I personally thought that I was just downright crazy. But I must have chosen to take on this person's confusion which, because I was so involved, was not entirely my fault. Now I am unsure of my own self. No one has the right to make you unsure of yourself. Know that. Memorize it. Live it.
That person may just think that I am crazy right now. But I am only looking for answers to keep the confusion at bay. To move past it, I must only make the decision to, and not waste my mind away.
So here I am talking to you, whoever you are, trying to avoid a mental breakdown. If you have never experienced such confusion or have never been on the recieving end of this sort of treatment, read this and learn to empathize.
Rules can be a very good thing. But if they do not allow you to ever act upon feeling, there is something lacking...or too much there. If you completely avoid an experience, person, way of life, you will never know if you like it or not. That sucks. That is no way to live.
 I have recently realized that I just hate it when people say no to me. For any reason really. I know that it may seem childish, but don't ever just say no. Have you ever seen the movie "Yes Man"? In this movie, a man that normally says no, is made to say yes to just about everything. This causes him to actually have a life and to experience amazing things that he never would have had the opportunity to experience had he stopped it before it happened.
Thought for the day: go with the flow and do not say "no" right away. Try saying "yes" to more things and maybe you'll be happier with your life for it.

Saturday, April 23, 2011

Flashback

Freeze.
An image from, only two years ago. She's laughing, thin (well, thinner than me), and she's just about as pretty as someone like her can get. I envy her.
I envy me. I don't remember being particularly happy that year. I honestly don't remember much about it, just that it was a very different day than today. I almost wished I had not seen those pictures. How did I get like this, if I had once been like that. Yes, life changes, but I shouldn't make myself change with life. Right? There should be a foundation, a stability point that I should be able to circle around. I just don't have that kind of determination....
which is sad, i suppose. I can't blame others when they go with the tide, I just would hope better of myself. See?
Not that I wish I were someone else; that's not it at all. I'm just searching for the better me. The problem is that I found her in the past...not the future. I'm sensing major changes.
On the better side of news today: I am having a poem published :) it's not too huge of a deal, but it's my first!
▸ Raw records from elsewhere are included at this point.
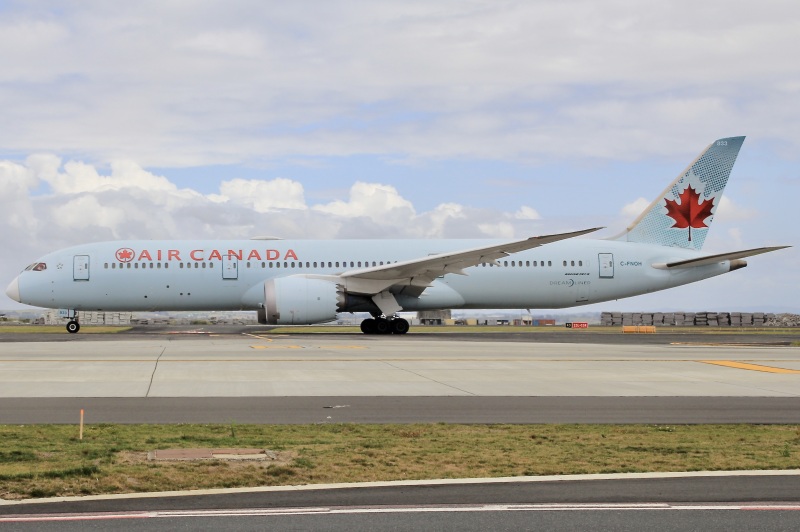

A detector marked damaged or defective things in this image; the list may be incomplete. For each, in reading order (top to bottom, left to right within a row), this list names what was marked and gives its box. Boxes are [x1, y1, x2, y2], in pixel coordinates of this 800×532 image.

pavement crack [146, 348, 166, 396] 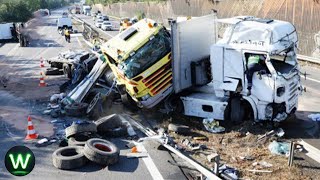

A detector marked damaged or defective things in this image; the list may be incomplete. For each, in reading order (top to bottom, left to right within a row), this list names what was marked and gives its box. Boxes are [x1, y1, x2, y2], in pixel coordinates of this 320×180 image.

damaged truck cab [102, 18, 172, 108]
broken windshield [120, 28, 171, 78]
crashed yellow truck [61, 13, 302, 124]
severely damaged white truck [63, 12, 302, 122]
severely damaged white truck [171, 14, 302, 122]
damaged truck cab [174, 14, 302, 121]
detached tire [52, 146, 87, 169]
detached tire [66, 121, 97, 139]
detached tire [84, 138, 120, 166]
detached tire [94, 114, 127, 137] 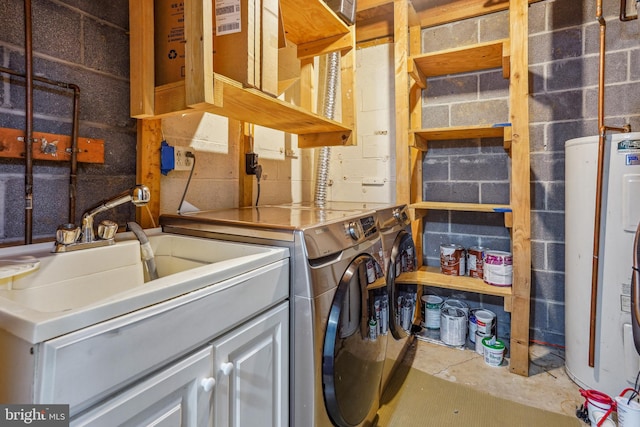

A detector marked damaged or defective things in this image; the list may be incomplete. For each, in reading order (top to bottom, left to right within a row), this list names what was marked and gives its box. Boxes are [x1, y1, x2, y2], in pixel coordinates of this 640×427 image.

rusty metal can [440, 244, 464, 278] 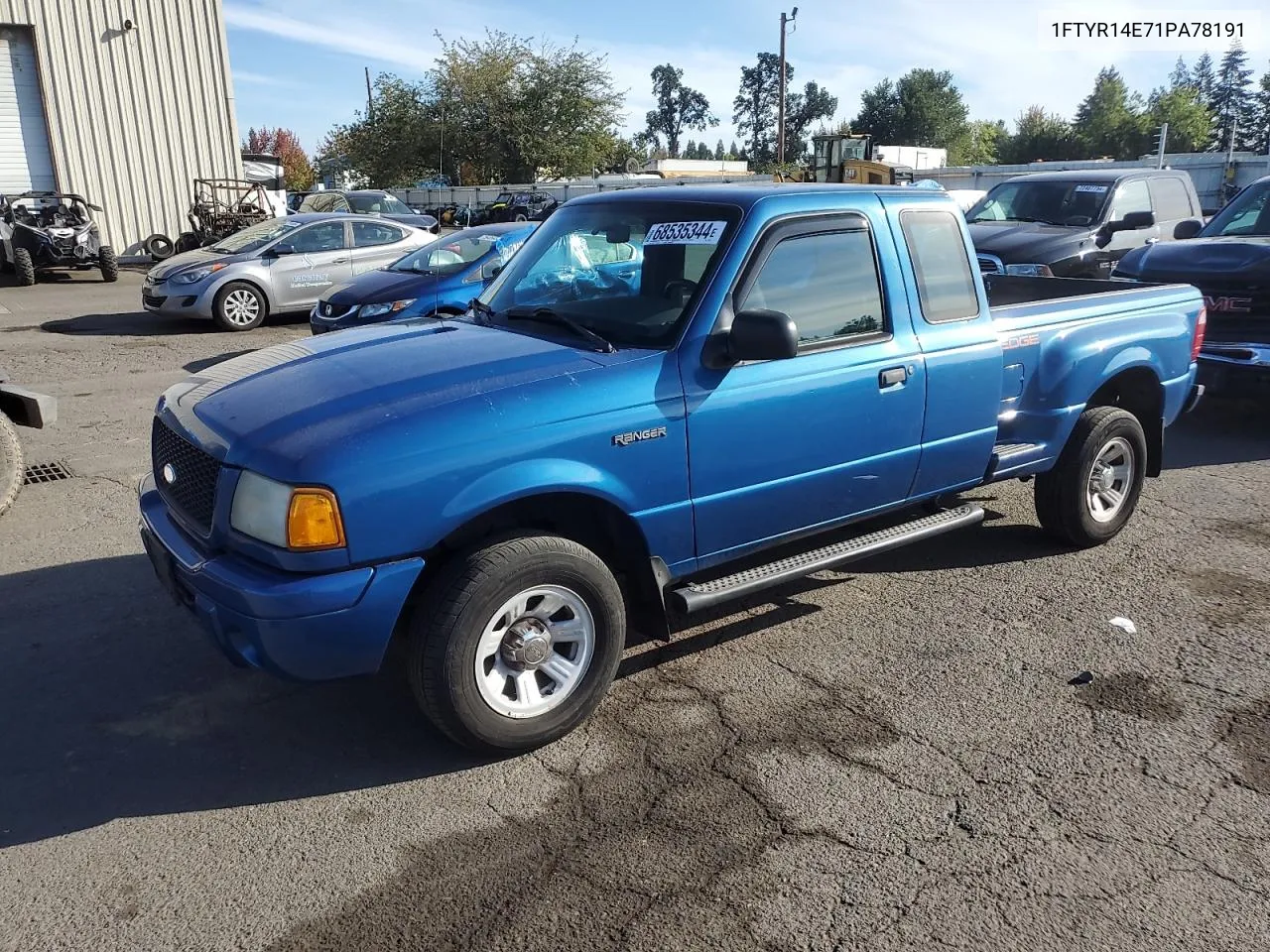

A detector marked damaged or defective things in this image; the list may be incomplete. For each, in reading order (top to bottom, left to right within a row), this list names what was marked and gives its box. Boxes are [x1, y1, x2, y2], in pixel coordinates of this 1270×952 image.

cracked asphalt [2, 270, 1270, 952] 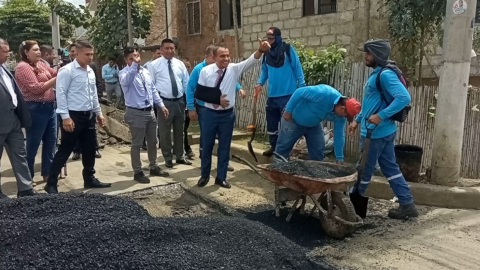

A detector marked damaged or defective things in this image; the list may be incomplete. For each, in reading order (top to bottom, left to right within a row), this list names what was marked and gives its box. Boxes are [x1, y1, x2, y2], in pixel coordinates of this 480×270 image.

asphalt patch on road [0, 193, 330, 270] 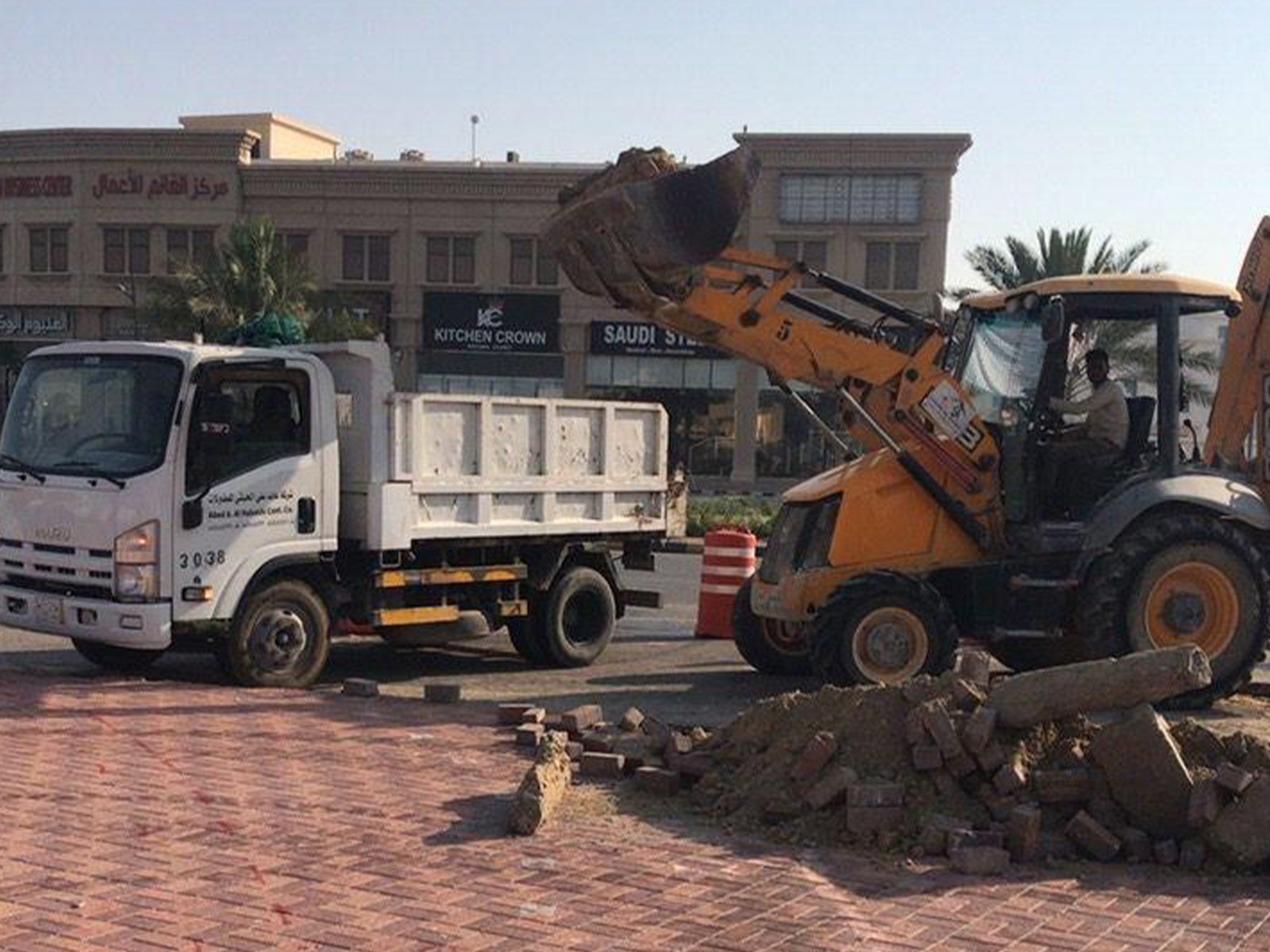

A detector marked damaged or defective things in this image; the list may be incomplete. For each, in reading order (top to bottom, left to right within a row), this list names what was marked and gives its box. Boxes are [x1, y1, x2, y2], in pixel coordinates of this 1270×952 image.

broken brick [787, 730, 838, 781]
broken brick [1060, 809, 1124, 863] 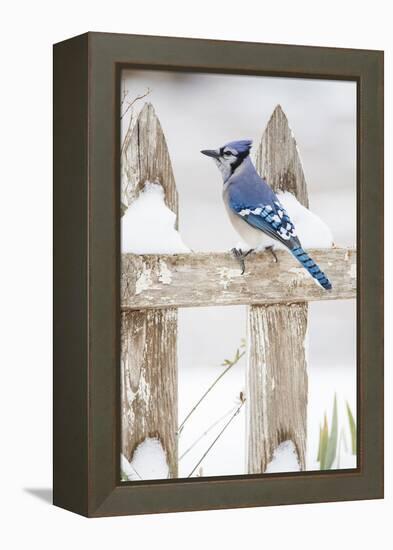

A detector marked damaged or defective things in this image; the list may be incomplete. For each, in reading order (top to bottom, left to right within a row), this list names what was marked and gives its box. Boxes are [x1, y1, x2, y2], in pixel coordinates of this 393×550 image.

peeling white paint [136, 266, 152, 296] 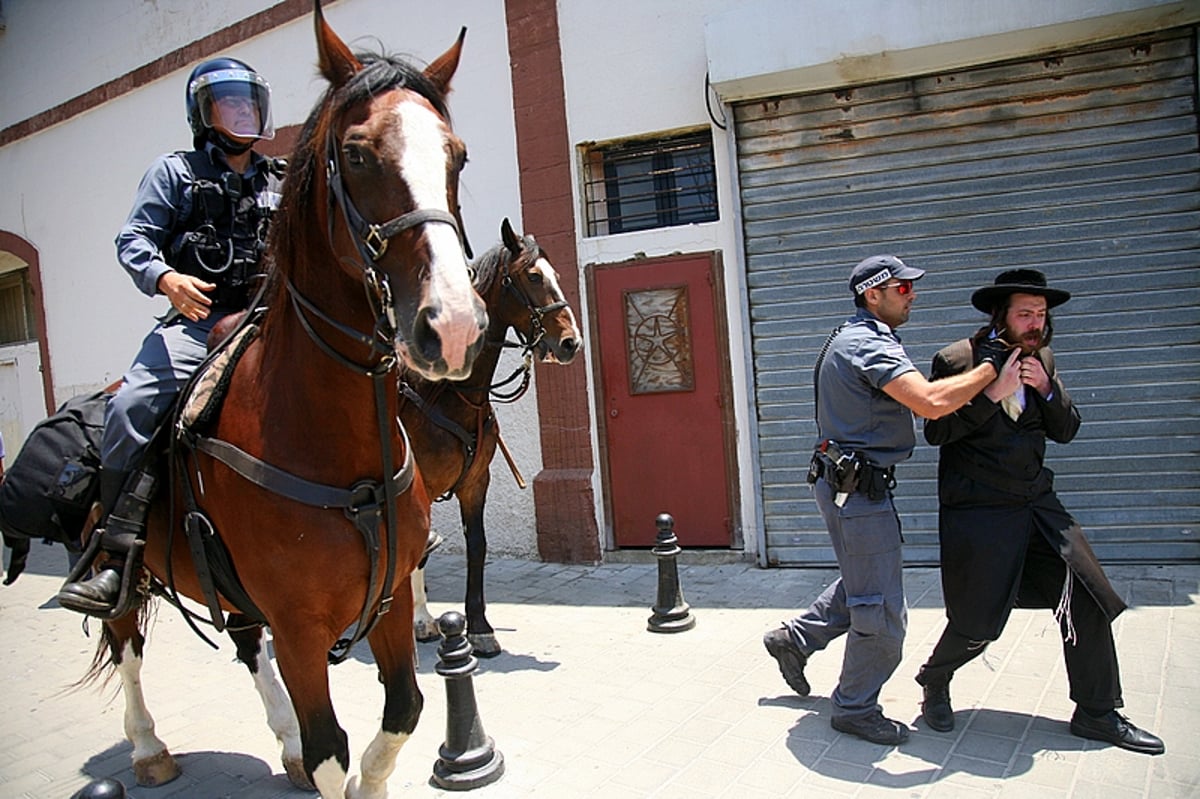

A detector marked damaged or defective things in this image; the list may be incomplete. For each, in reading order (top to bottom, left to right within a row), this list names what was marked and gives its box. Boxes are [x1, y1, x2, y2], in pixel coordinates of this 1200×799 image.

rusty shutter panel [739, 28, 1200, 563] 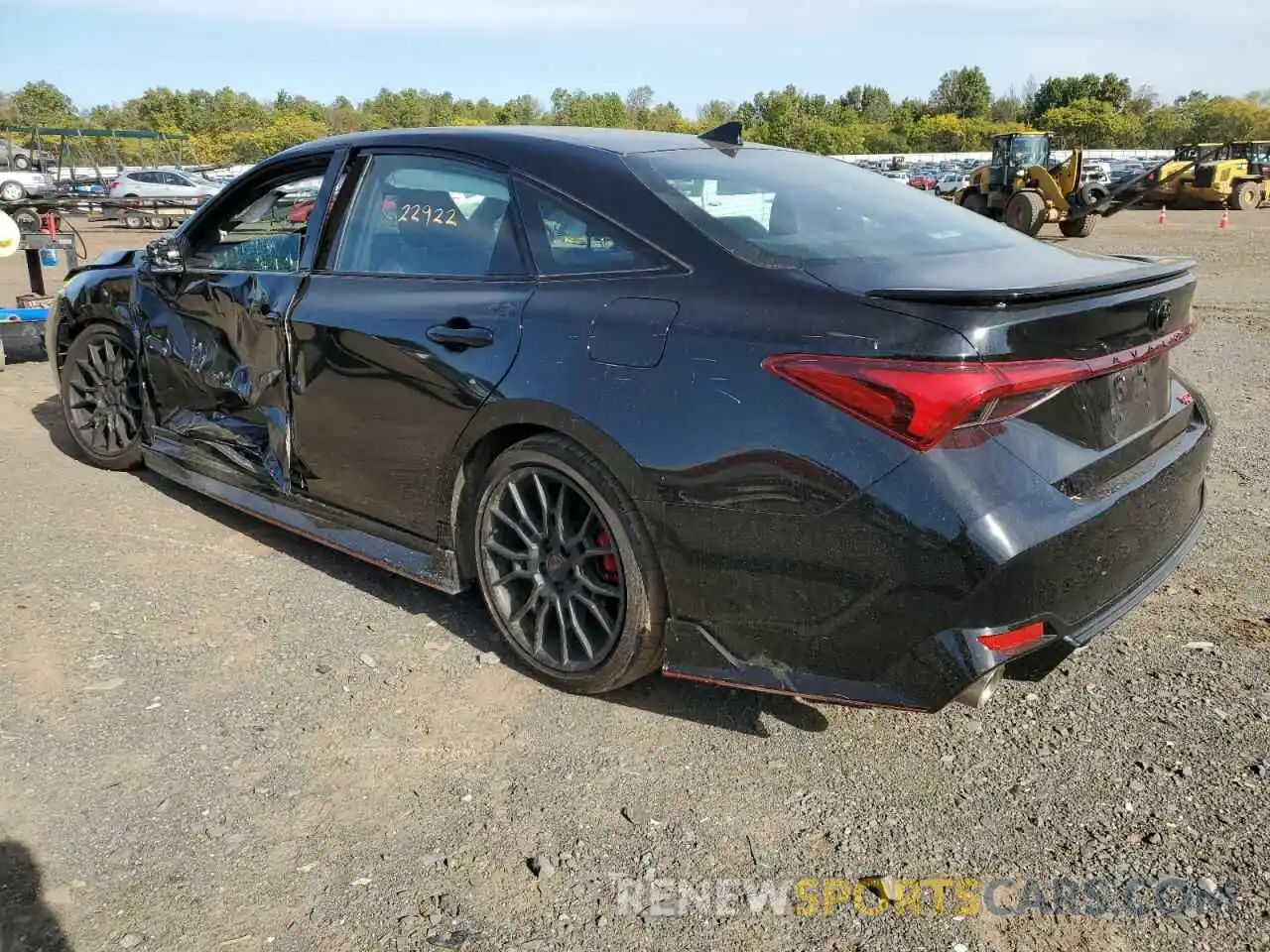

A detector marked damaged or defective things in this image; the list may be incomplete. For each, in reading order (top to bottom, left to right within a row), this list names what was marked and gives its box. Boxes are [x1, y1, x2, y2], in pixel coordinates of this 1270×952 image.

damaged black sedan [47, 123, 1206, 710] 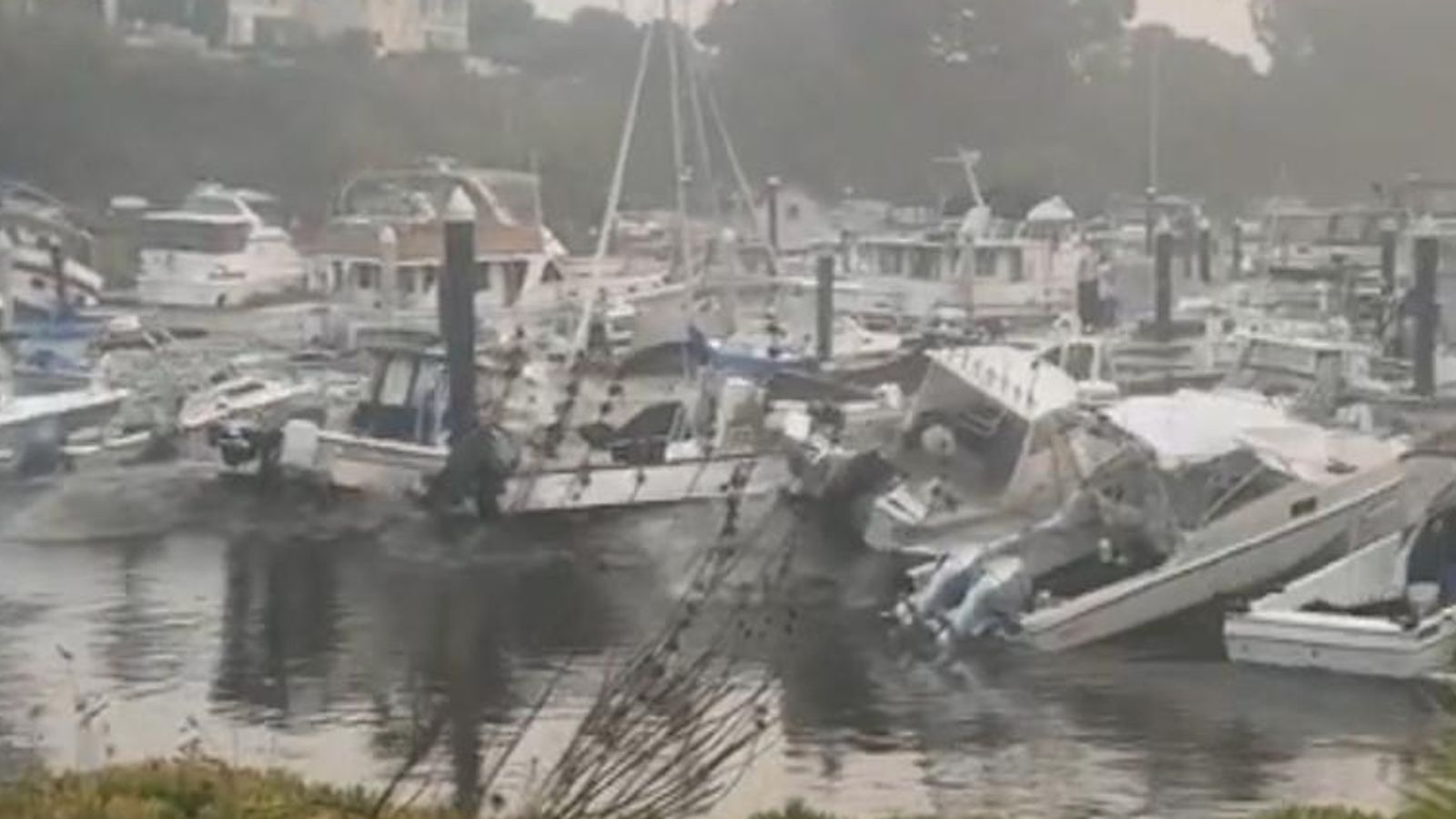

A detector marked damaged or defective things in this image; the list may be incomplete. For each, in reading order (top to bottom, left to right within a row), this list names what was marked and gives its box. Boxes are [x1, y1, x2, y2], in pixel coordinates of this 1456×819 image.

damaged motorboat [892, 389, 1420, 652]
So, needless to say, I'm psyched!
Thought for the day: In what period of time is your best self? If they are in the past, maybe it's time to touch base with them in the future...

Thursday, April 7, 2011

poetry week :)

Anyone is welcome to post in "comments" their favorite poems! I just want to share a few: some of mine and some other interesting ones. I never liked reading poetry until i was interested in writing it, except for the following poet:
God's Wheel by Shel Silverstein
GOD says to me with a kind
of smile, "Hey how would you like
to be God awhile And steer the world?"
"Okay," says I, "I'll give it a try.

Where do I set?
How much do I get?
What time is lunch?
When can I quit?"

"Gimme back that wheel," says GOD.
"I don't think you're quite ready YET."
 
Forgotten Language by Shel Silverstein
Once I spoke the language of the flowers,
Once I understood each word the caterpillar said,
Once I smiled in secret at the gossip of the starlings,
And shared a conversation with the housefly
in my bed.
Once I heard and answered all the questions
of the crickets,
And joined the crying of each falling dying
flake of snow,
Once I spoke the language of the flowers. . . .
How did it go?
How did it go?
 
Silverstein is a very fun read. Note that he has a very particular "voice" in each of his poems that is unmistakeable. I once memorized two of his poems for a 4-H presentation and I remember them to this day:
Snowball
I made myself a snowball
as perfect as can be.
I thought I'd keep it as a pet
and let it sleep with me.
I made it some pajamas,
and a pillow for its head,
but then last night it ran away,
but first it wet the bed.
This poem has always been my favorite :) You have to love how fun they are!